Somenone could do the math--

mathowie: That'd be like dividing pi by 26,000 miles or something, and you'd probably get, whatever, the change in...

cortex: Yes.

mathowie: (chuckles) The rate of change, I guess. Yeah.

jessamyn: It's not a calculus problem, it's just a circle.

cortex: Yep.

mathowie: Oh, I can't even...

jessamyn: But basically the whole point is, the natural variation in ground elevation, which is what ook says--

mathowie: Right. Wild.

jessamyn: --is going to be different. To cut to the chase, the answer is 'no'. Wait, that isn't even a... that link didn't even go anywhere!

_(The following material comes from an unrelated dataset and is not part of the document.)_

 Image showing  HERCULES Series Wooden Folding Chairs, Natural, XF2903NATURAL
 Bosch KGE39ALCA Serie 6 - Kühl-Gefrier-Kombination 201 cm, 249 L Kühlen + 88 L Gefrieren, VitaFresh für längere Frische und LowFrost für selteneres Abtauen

mathowie: That might not work in...

jessamyn: Oh, the link is broken!

mathowie: Is that...?

jessamyn: Or I did something wrong, probably.

cortex: (laughs)

jessamyn: At any rate, it's a fascinating thread where people are like, 'Well, maybe...?' 'But what about...?'

mathowie: I mean, because there's bridges that are several miles long, you know, like, does that show up in the bridge engineering? But I don't think it does. I think the surface variability is too much.

jessamyn: Well, and most things bend.

mathowie: That's true.

jessamyn: Even things that are super rigid, and, you know, skyscrapers, for example, they go up straight, but they're intended to move a little bit in the wind specifically so

they don't have a big windstorm and they just snap, you know.

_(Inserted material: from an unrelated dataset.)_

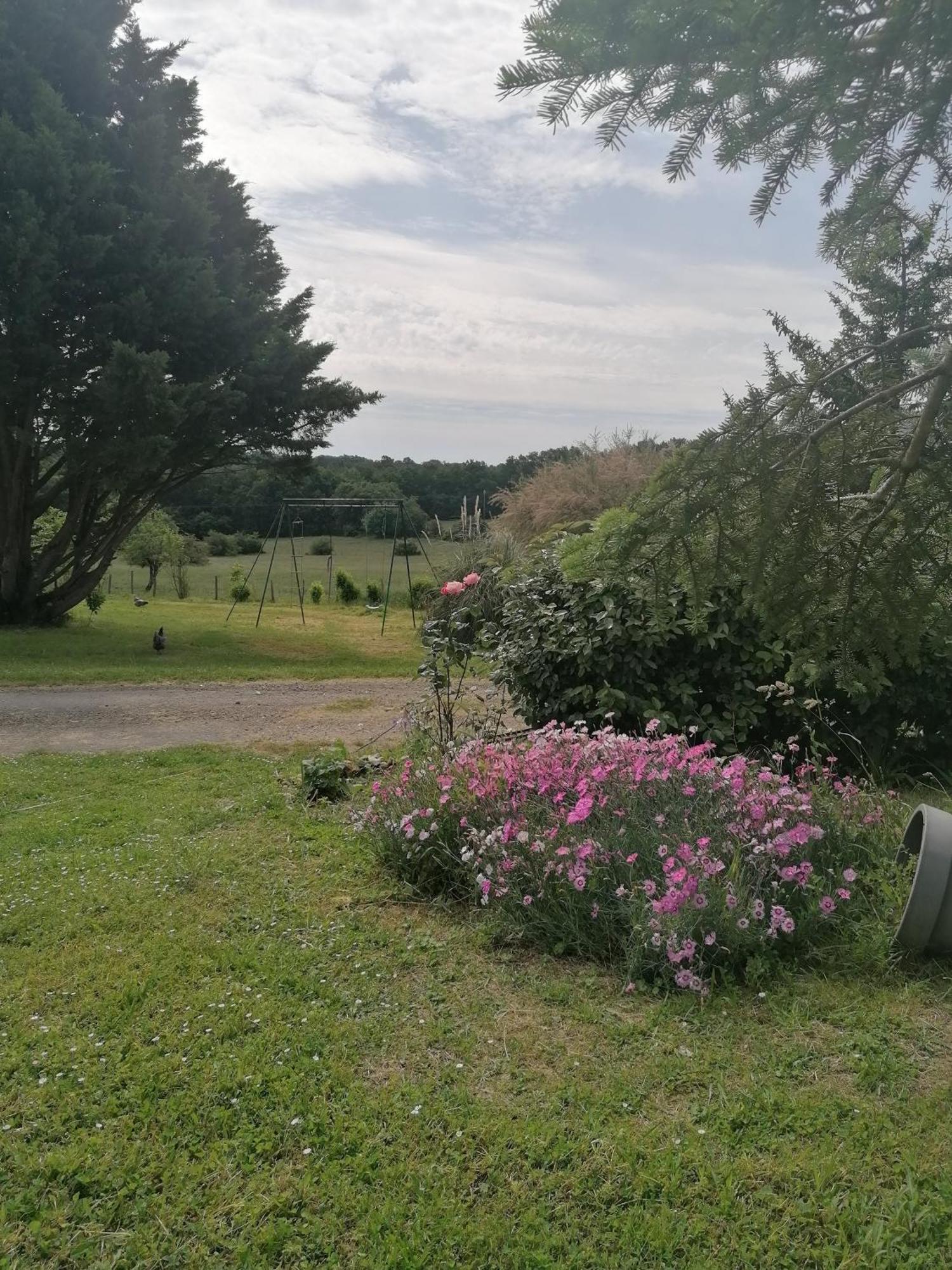 Charmante Maison, Calme Et Nature A La Roche Posay Villa Esterno foto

mathowie: And you also have like heat expansion slots in lots of things.

jessamyn: Right, right, right, exactly.

mathowie: Like every bridge.

jessamyn: Right! Like every bridge.

mathowie: Very cool. (whispers) Like every bridge. Every good bridge.

cortex: (laughs)

mathowie: Ohhh.

jessamyn: Yeah, but I enjoyed that thread, because I didn't know the answer, and I just read along, like, 'I wonder about that!'

mathowie: There was a pretty good round-up of persuasive podcasts that showed up on

Ask Metafilter.

jessamyn: I didn't see this either. This is great!

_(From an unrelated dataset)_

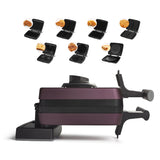 Gaufrier Violet + 7 plaques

mathowie: Where, give me podcasts that inform that also persuade, (chuckling) you know, that gives me... like stuff like This American Life or Radiolab or 98% Invisible, and there's a whole bunch of podcasts I've never heard of that I would love to check out.

jessamyn: Yeah, by Hoenikker, who's not a user... long-time user but not somebody I necessarily know.

mathowie: I saw a couple crazy travel ones that were awesome. One of these was tell us what to do in, where's the best place to see orca whales in the San Juan Islands, which is just kind of--

jessamyn: Oh, I saw that, yeah!

mathowie: Kind of a dream, just lots of good advice on high points and places to hang out and spend some time. ;And then there's this thread on going to New Zealand, it just said, like, 'Hey, help us fill out our New Zealand trip, here's a loose

itinerary, we're going to be in the North, we're going to be in the South, we're going to fly between the two islands,' and there's not that many answers, there's only four answers, but every answer is so crazy, it makes it sound like all of New Zealand is a giant movie set.

jessamyn: Isn't it?

mathowie: By Peter Jackson. There's this sound cruise. Go on this cruise in this fjord and it's so silent and echoey that apparently you just cruise out there and hang out in a boat for an hour or two and just listen to birds echoing through a fjord.

Like, does that...? I've never heard of anything like that in my life. That's so crazy.

cortex: Huh.

jessamyn: I would enjoy that very much. And this is aabbbiee, who we met at the MaxFunCon.

mathowie: Oh, cool.

jessamyn: She was the scholarship, the Metafilter scholarship student.

mathowie: Oh, cool!

jessamyn: Yeah! I think that's who she is. A-A-A-B-B-B-I-E-E-E. That's neat.

mathowie: Sweet!

jessamyn: You've been to New Zealand what, once, twice, Matt?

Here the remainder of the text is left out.